16
3.12 Execution unit throughput
There is an important distinction between the latency and the throughput of an execution
unit. For example, it takes five clock cycles to do a floating point addition on a Pentium 4.
But it is possible to start a new floating point addition every clock cycle. This means that if
each addition depends on the result of the preceding addition then you will have only one
addition every five clock cycles. But if all the additions are independent then you can have
one addition every clock cycle.
The highest performance that can possibly be obtained in a computationally intensive
program is achieved when none of the time-consumers mentioned in the above sections are
dominating and there are no long dependence-chains. In this case, the performance is
limited by the throughput of the execution units rather than by the latency or by memory
access.
The execution core of modern microprocessors is split between several execution units.
Typically, there are two or more integer units, one floating point addition unit, and one
floating point multiplication unit. This means that it is possible to do an integer addition, a
floating point addition, and a floating point multiplication at the same time.
A code that does floating point calculations should therefore preferably have a balanced mix
of additions and multiplications. Subtractions use the same unit as additions. Divisions take
longer time and use the multiplication unit. It is possible to do integer operations in-between
the floating point operations without reducing the performance because the integer
operations use a different execution unit. For example, a loop that does floating point
calculations will typically use integer operations for incrementing a loop counter, comparing
the loop counter with its limit, etc. In most cases, you can assume that these integer
operations do not add to the total computation time.

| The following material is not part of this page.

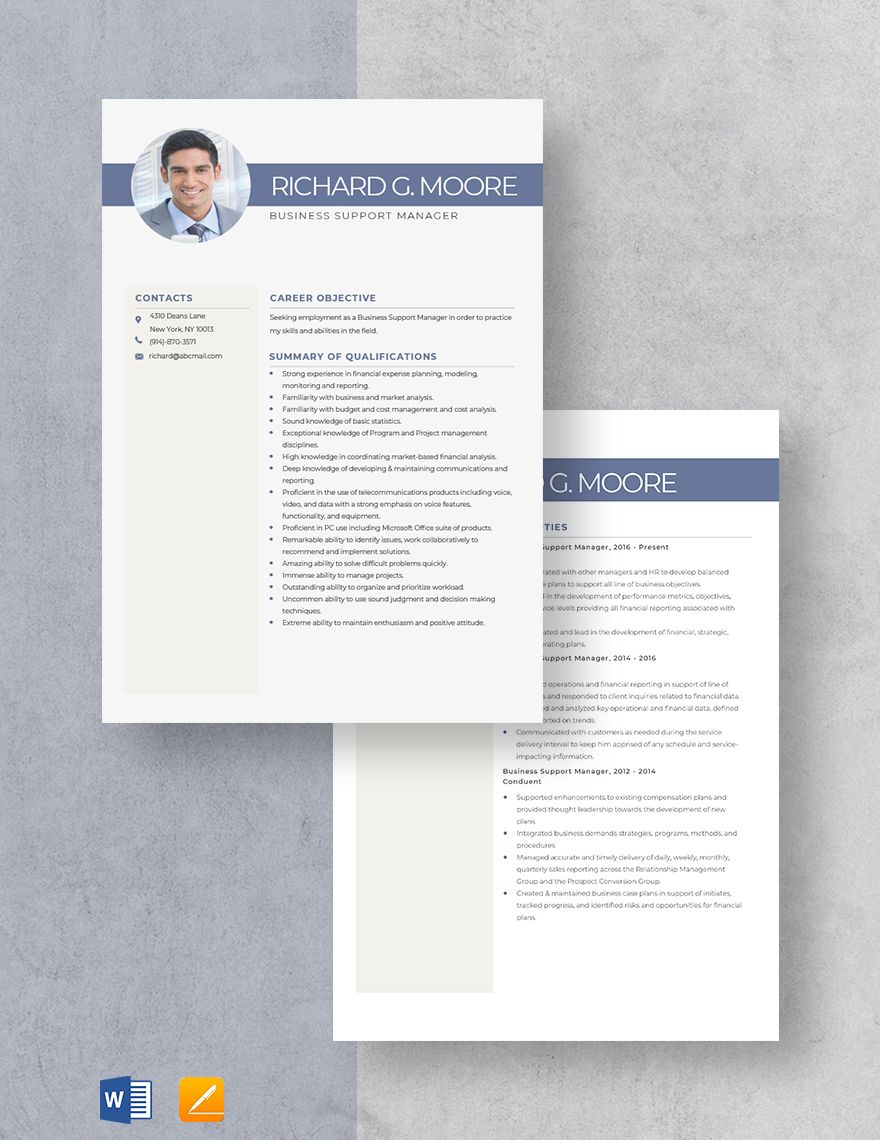 Business Support Manager Resume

4 Performance and usability
A better performing software product is one that saves time for the user. Time is a precious
resource for many computer users and much time is wasted on software that is slow,
difficult to use, incompatible or error prone. All these problems are usability issues, and I
believe that software performance should be seen in the broader perspective of usability. A
list of literature on usability is given on page 132.

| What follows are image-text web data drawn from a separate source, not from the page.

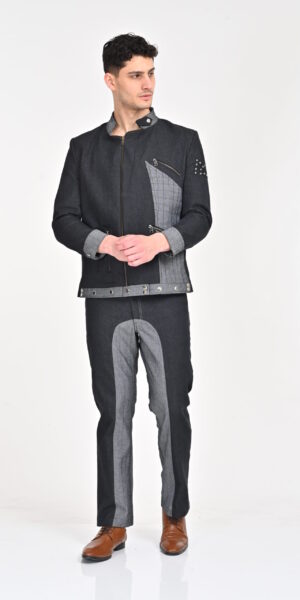 Edgy Denim Jacket with Contrasting Panels and Detachable Hood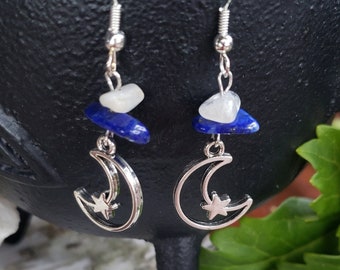 Silver Moon & Star Earrings w/ Moonstone and Lapis Lazuli | Handmade Jewelry | Occult Witch Goth | Lightweight Dangle | Genuine Crystals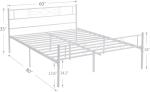 VECELO 14" Queen Size White Metal Platform Bed Frame with Headboard,Premium Steel Slat Support/No Box Spring Needed/Noise-Free/Easy Assembly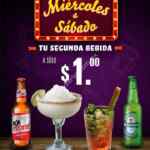 Promoción Cervecería de Barrio de segunda bebida a $1 peso de miércoles a sábado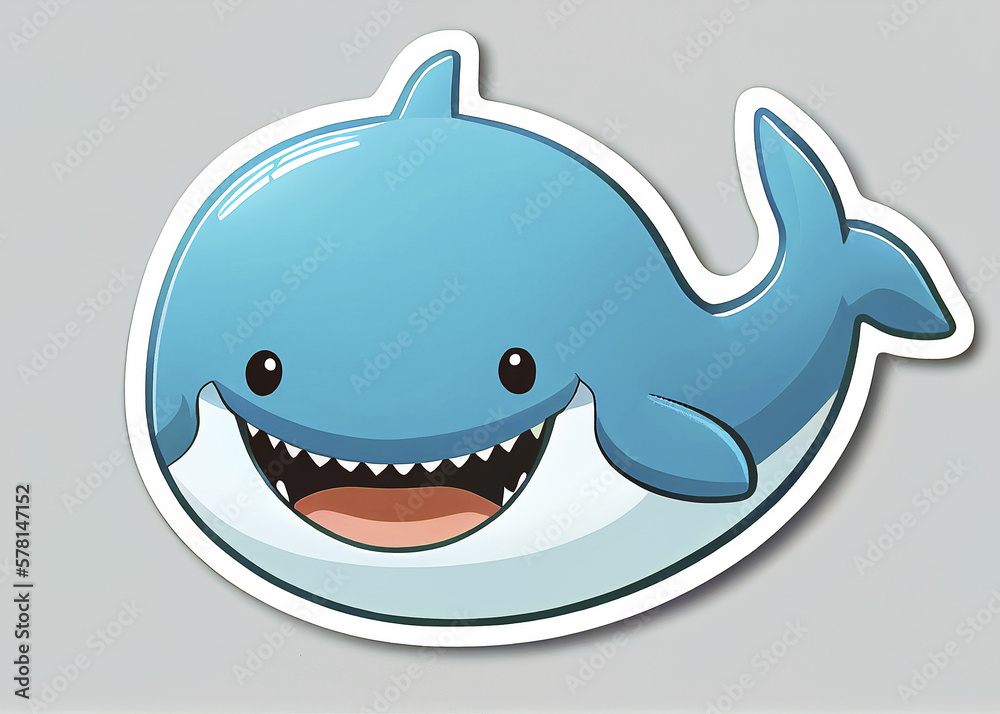 Blue whale 3d cartoon illustration, Generative ai Blue whale 3d cartoon illustration, Generative ai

This is not a manual on usability, but I think that it is necessary here to draw the attention of
software programmers to some of the most common obstacles to efficient use of software.
The following list points out some typical sources of frustration and waste of time for
software users as well as important usability problems that software developers should be
aware of.
• Big runtime frameworks. The .NET framework and the Java virtual machine are
frameworks that typically take much more resources than the programs they are
running. Such frameworks are frequent sources of resource problems and
compatibility problems and they waste a lot of time both during installation of the
framework itself, during installation of the program that runs under the framework,
during start of the program, and while the program is running. The main reason why
such runtime frameworks are used at all is for the sake of cross-platform portability.
Unfortunately, the cross-platform compatibility is not always as good as expected. I
believe that the portability could be achieved more efficiently by better standardi-
zation of programming languages, operating systems, and API's.
• Memory swapping. Software developers typically have more powerful computers
with more RAM than end users have. The developers may therefore fail to see the
excessive memory swapping and other resource problems that cause the resource-